We have also studied systems with very flexible filaments with ℓp ≈ 0.01 μm. This may appear pointless, since such filaments have no biological relevance. In fact, it is extremely useful to vary filament stiffness since any proposed mechanism for motility should also account for the filament stiffness dependence.
Fig. 6 shows that although filament stiffness does not affect the speed at sufficiently small loads, as noted previously in Lee and Liu (12), it affects the force-velocity relation significantly at higher loads. In particular, the constant behavior of V with load at small loads is a feature of stiff filaments that disappears for floppy filaments with ℓp ≈ 0.01 μm.

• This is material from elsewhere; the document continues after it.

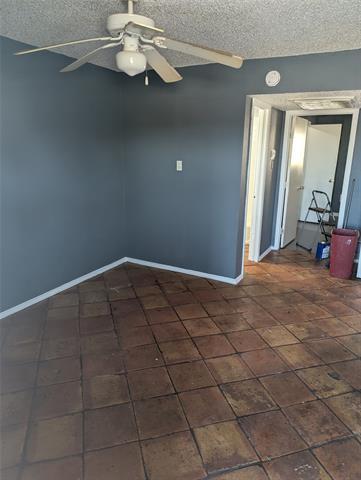 Building Photo - 1221 Mineral Wells Hwy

The shape of the velocity-force curve is now concave upwards for floppy filaments. In addition, we find that the stall pressure increases with filament stiffness.
Figure 6.
Disk velocity as a function of applied load for stiff filaments with persistence lengths of 0.1 μm (●), 1 μm (○), and for flexible filaments with a persistence length of 0.01 μm (□). For flexible filaments, the velocity decreases steadily with increasing load, whereas for stiff filaments, the velocity is initially constant.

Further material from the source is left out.